Last year, the number of jobs in establishments less than one year old was only 60 percent of its 1994 level, according to Bureau of Labor Statistics (BLS) data. That translates to approximately 1.7 million fewer people working in new businesses in 2010 than did so back in the mid-1990s. Given the increase in the population since 1994, that’s quite a shift away from employment in new entities.
The decline in employment in new establishments isn’t just another problem generated by the Great Recession. While the worst recession since the Great Depression accelerated the decline in employment in these businesses, the fall in new establishment employment started well before the downturn began. As the figure below shows, employment in new establishments has been on a continuous decline since 1999, after rising 14 percent between 1994 and 1999.
The BLS will soon tell us if the downward trend reversed itself in 2011. While it’s possible, my money’s on a continued decline, albeit at a slower rate than in recent years.
Do you think that the increasing use of technology is causing this trend?
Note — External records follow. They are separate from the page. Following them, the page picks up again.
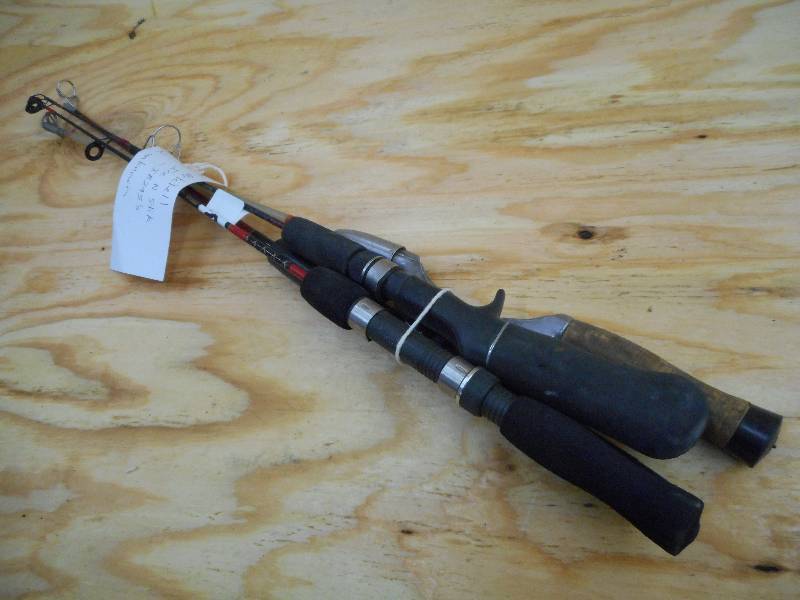 lot 239 image: Lot Of (4) Vintage Ice Rods ...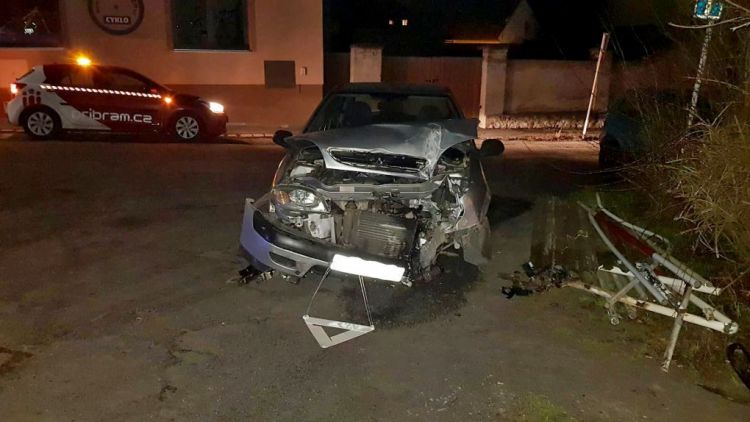 Citroën skončil svou jízdu ve zdi domu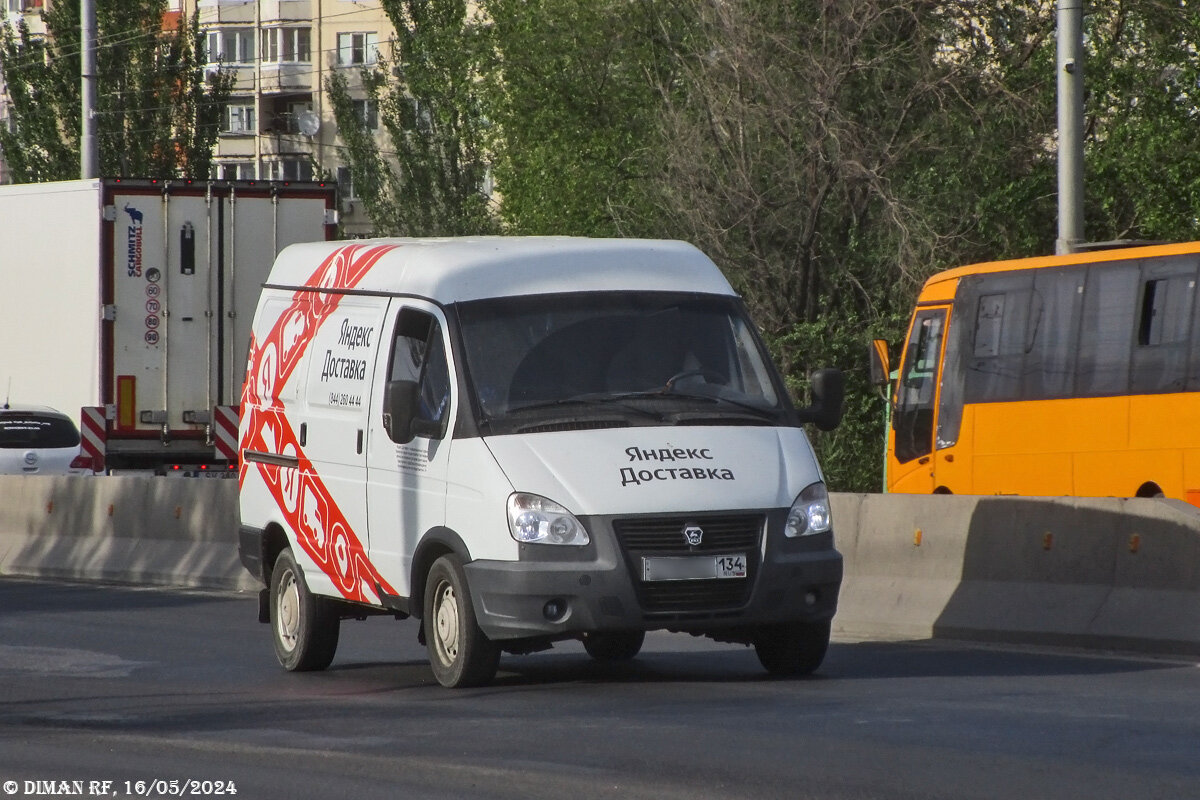 ГАЗ-275200, 2011 года выпуска. Повторители сигнала поворота установлены на зеркалах.  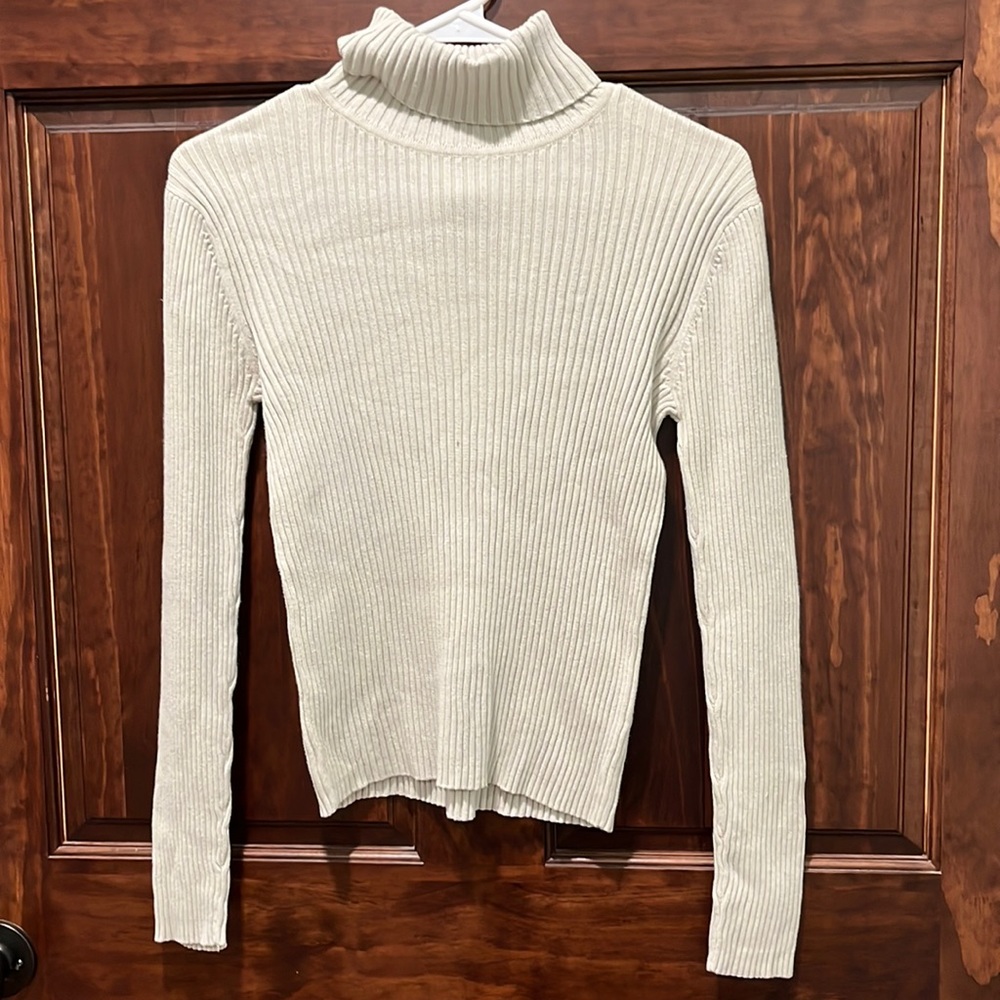 Newport News Women’s Turtleneck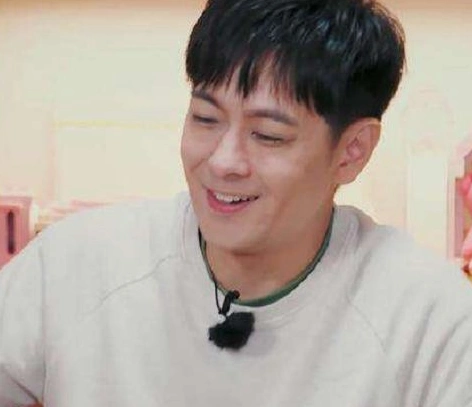 林志颖:不露额头很年轻,一露额头瞬间老十岁_高清图集_新浪网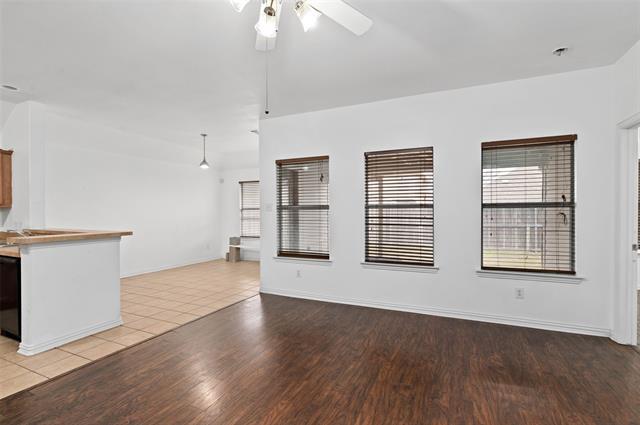 Building Photo - 2121 Castle Creek Dr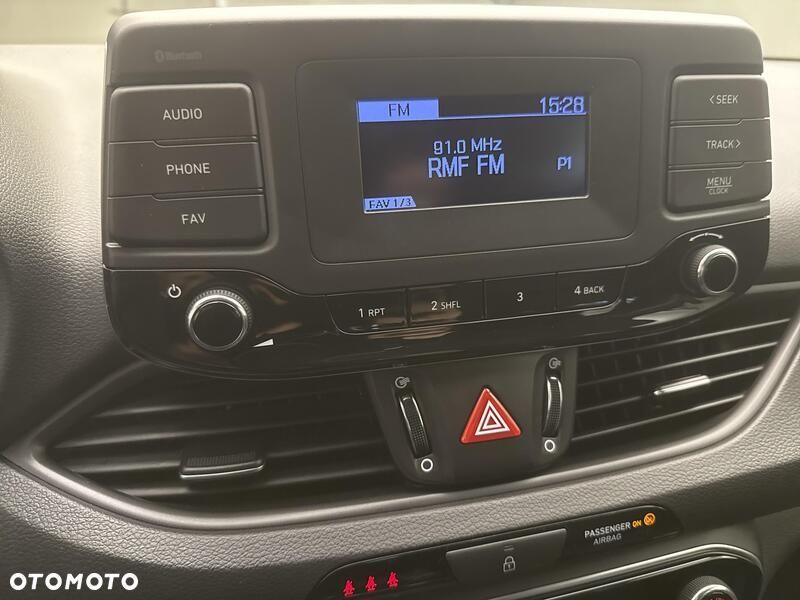 Hyundai i30 1.5 DPI Modern - 15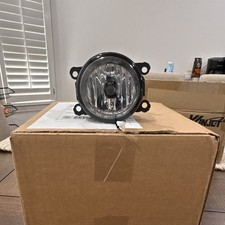 Winjet CFWJ-0197A-C Clear Fog Light Set Pair H11 SAE/DOT New In Box picture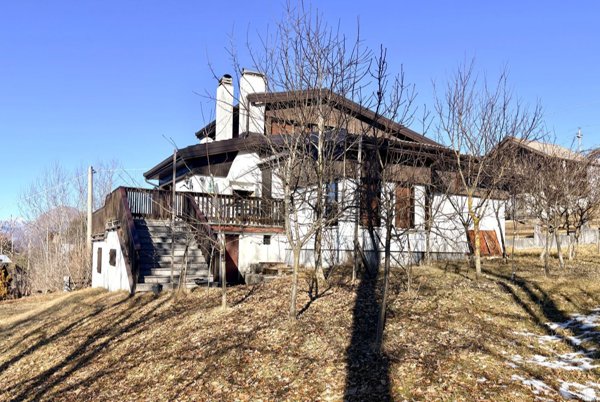 casa indipendente in vendita a Tambre in zona Sant'Anna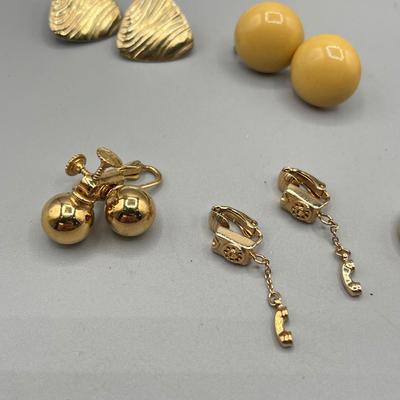LOT 67: Bright Retro Screwback and Clip On Earring Collection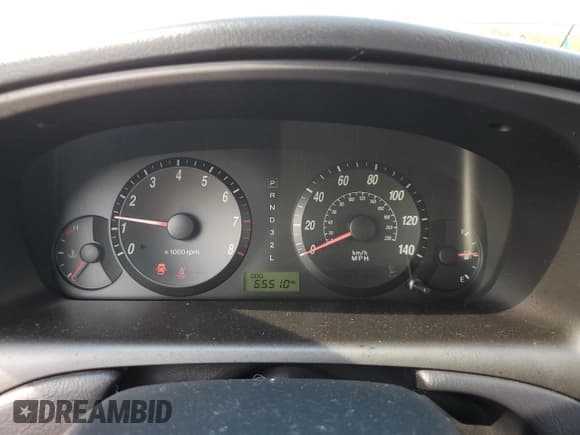 ✅ 2005 Hyundai Elantra GLS • VIN: KMHDN46D25U973249 • Lot: 81122565. Wystawiony na Copart z przebiegiem 65 510 mil. Bezpłatny archiwum sprzedaży aukcyjnych z USA i szczegółowy raport historii pojazdu na DreamBid. Zdjęcie 9.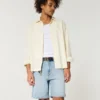 Short en jean ample délavé au-dessus du genou Short en jean ample délavé au-dessus du genou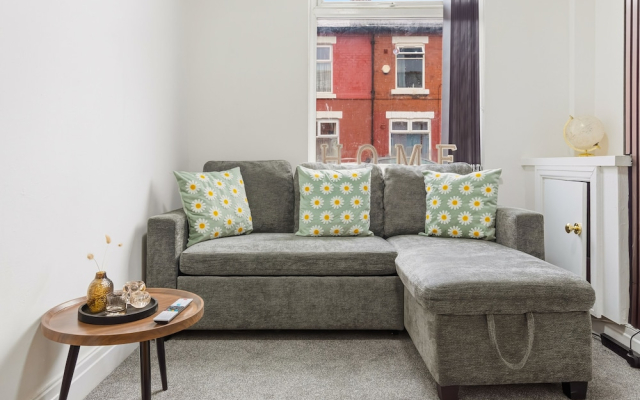 House - Sleeps 6 - On Street Parking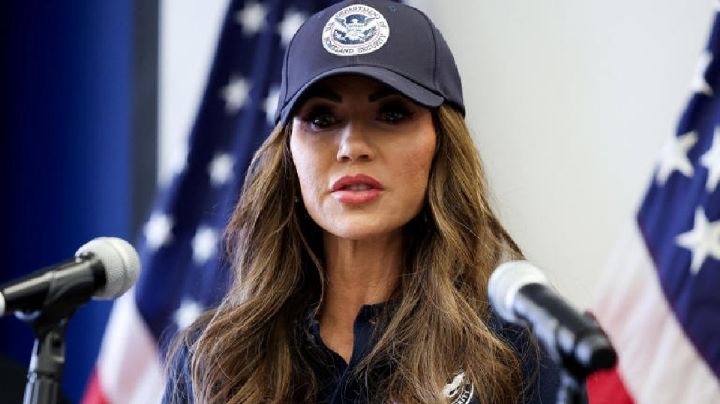 Kristi Noem es hospitalizada de emergencia por reacción alérgica en Washington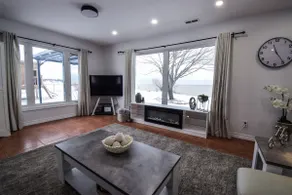 Cozy escape Charming Getaway with Lake View - Image 4
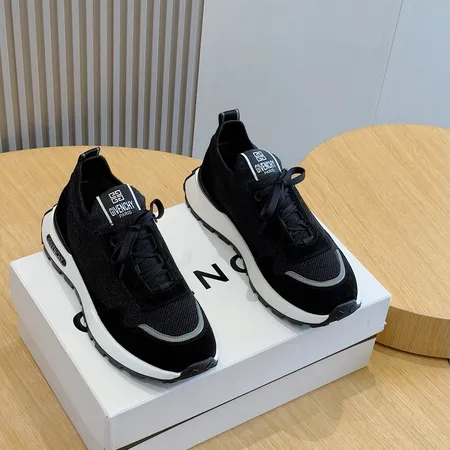 ジバンシィ スニーカー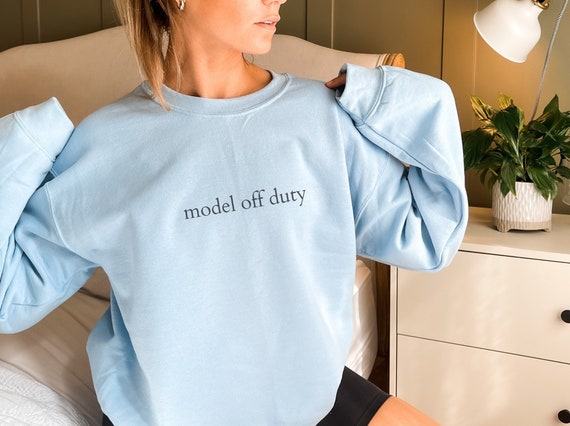 Model off Duty Look Sweatshirt Tik Tok Trend Tiktok Sweater Trendy Cool Girl Model Aesthetic Clean Girl Look Cool but I Cry That Girl Etsy Canada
Or is it more the fact that manufacturing-type jobs are moving to areas with cheaper labor forces?
We been looking at this issue and see 3 main drivers:
2. partnering and outsourcing instead of doing things in-house.
3. the growing use of contingent workers (freelancers, temps, contractors) instead of employees.
We’ve been focusing this research on tech startups and these firms consistently use all three methods to minimize their use of full time employees.
I agree with Scott that the downward trend will continue.